Get personalized answers to your unique questions on IDNLearn.com. Discover reliable and timely information on any topic from our network of knowledgeable professionals.
Sagot :
The complete question is:
Which expressions are equivalent to the one below?

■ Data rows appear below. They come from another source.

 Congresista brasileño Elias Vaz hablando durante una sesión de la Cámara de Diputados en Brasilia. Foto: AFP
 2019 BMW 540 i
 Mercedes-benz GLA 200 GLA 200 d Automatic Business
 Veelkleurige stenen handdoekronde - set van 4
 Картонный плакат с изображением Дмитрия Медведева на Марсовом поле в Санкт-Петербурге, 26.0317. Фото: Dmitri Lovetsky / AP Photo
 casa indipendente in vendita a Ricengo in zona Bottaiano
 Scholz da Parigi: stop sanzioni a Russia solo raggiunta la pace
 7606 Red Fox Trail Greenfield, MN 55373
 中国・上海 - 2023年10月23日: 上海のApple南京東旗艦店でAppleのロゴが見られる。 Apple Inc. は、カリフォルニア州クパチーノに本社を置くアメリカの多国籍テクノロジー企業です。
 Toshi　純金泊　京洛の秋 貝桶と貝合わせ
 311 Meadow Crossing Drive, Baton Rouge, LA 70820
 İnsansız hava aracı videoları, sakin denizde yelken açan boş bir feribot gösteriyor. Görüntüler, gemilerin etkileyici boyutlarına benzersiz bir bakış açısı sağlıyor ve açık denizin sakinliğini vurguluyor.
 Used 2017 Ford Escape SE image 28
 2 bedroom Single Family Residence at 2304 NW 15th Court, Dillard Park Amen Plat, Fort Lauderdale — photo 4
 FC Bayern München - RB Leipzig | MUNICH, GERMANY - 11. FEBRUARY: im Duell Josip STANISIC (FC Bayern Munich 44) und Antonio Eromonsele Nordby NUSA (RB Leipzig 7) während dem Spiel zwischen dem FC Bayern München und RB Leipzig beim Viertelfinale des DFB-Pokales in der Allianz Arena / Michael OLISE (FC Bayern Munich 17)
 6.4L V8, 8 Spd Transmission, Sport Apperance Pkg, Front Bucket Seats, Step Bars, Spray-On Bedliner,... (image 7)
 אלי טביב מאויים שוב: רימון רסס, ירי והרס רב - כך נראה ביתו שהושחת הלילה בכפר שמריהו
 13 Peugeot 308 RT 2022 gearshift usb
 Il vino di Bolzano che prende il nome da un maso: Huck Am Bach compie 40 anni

Check all that apply. 9^x
a. 9 * 9^(x 1)
b. (36/4)^x
c. 36^x/4
d. 9 * 9 ^(x-1)
e. 36^x/4^x
f. x^5
In between given 6 exponential expressions, [tex]$\left(\frac{36}{4}\right)^{x}, 9 \times 9^{x-1}$[/tex], and [tex]$\frac{36^{x}}{4^{x}}$[/tex]exists equivalent to [tex]$9^{x}$[/tex].
What is an exponential expression?
"An exponential equation exists an equation with exponents where the exponent (or) a part of the exponent exists a variable."
Let the given expression be [tex]$9^{x}$[/tex].
a. [tex]$9 \times 9^{x+1}$[/tex] exists equivalent to [tex]$9^{x+2}$[/tex].
b. [tex]$\left(\frac{36}{4}\right)^{x}$[/tex] exists equivalent to [tex]$9^{x}$[/tex].
c. [tex]$\frac{36^{x}}{4}$[/tex] exists equivalent to [tex]$9^{x} \times 4^{x-1}$[/tex].
d. [tex]$9 \times 9^{x-1}$[/tex] exists equivalent to [tex]$9^{x}$[/tex].
e. [tex]$\frac{36^{x}}{4^{x}}$[/tex] exists equivalent to [tex]$9^{x}$[/tex].
f. [tex]$x^{5}$[/tex] exists equivalent to [tex]$x^{5}$[/tex].
Therefore, from the given expressions, [tex]$\left(\frac{36}{4}\right)^{x}, 9 \times 9^{x-1}$[/tex], and [tex]$\frac{36^{x}}{4^{x}}$[/tex] exists equivalent to [tex]$9^{x}$[/tex].
To learn more about an exponential expression refer to: brainly.com/question/11471525
#SPJ9
Thank you for joining our conversation. Don't hesitate to return anytime to find answers to your questions. Let's continue sharing knowledge and experiences! Find the answers you need at IDNLearn.com. Thanks for stopping by, and come back soon for more valuable insights.